The trial court by its summary judgment granted partition of *3the property and quieted the title in plaintiff, on the ground that the decree of the probate court regarding the property was res judicata. Therefore, in the partition action decree the property was divided according to the respective interests of plaintiff Gertrude Adams and defendant DeVaun Adams, as determined by the probate court.

Before considering the defendant’s allegation that summary judgment was improper because material questions of fact still exist, we will consider the question raised by plaintiff in her brief which concerns the question of jurisdiction of the trial court to consider the quiet title action set up by defendant’s counterclaim.

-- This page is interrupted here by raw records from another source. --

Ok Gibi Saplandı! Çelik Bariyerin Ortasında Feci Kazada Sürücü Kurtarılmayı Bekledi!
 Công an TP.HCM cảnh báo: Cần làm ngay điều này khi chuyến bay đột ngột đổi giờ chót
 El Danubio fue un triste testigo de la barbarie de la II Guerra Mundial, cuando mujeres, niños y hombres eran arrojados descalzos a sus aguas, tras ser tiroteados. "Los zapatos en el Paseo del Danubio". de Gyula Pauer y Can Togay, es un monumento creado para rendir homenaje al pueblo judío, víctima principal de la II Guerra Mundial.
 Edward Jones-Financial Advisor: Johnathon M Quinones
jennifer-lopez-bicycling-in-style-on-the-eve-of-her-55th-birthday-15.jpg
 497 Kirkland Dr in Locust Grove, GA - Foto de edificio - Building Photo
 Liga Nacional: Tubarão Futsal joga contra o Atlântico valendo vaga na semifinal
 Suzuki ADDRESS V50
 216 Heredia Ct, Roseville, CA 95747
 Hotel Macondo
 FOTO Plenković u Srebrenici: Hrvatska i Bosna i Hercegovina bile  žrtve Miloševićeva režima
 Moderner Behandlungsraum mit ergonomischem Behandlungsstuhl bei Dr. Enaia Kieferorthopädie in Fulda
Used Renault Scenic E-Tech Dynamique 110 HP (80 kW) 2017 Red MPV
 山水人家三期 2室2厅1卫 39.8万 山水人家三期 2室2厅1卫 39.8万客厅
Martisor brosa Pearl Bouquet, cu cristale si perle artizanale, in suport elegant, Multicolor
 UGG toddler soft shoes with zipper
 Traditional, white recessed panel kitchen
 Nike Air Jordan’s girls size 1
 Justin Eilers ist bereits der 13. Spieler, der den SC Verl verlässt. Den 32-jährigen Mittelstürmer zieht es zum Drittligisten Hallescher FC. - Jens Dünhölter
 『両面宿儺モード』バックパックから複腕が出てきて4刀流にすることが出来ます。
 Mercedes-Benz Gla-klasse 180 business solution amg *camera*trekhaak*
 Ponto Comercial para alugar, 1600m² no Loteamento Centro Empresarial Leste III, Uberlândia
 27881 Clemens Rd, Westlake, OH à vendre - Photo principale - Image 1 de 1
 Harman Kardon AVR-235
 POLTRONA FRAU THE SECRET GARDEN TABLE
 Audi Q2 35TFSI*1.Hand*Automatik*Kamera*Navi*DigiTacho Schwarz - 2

In the counterclaim he asserted that the property was not a part of the W. C. Adams estate because it had been transferred to him by quitclaim deed prior to his father’s death.

If the trial court lacked jurisdiction, then the question raised on appeal by defendant need not be discussed. We will first consider this question of jurisdiction.

As can be seen from the facts set forth above, DeVaun failed to raise an allegation of his ownership to the property in question in the probate court proceedings of the estate of W. C. Adams within the statutory period (K.S.A. 59-2239 [Corrick, 1964]). Accordingly, the plaintiff asserts that the district court was without jurisdiction to entertain DeVaun’s claim of ownership to the realty because the probate court was vested with exclusive original jurisdiction of the cause.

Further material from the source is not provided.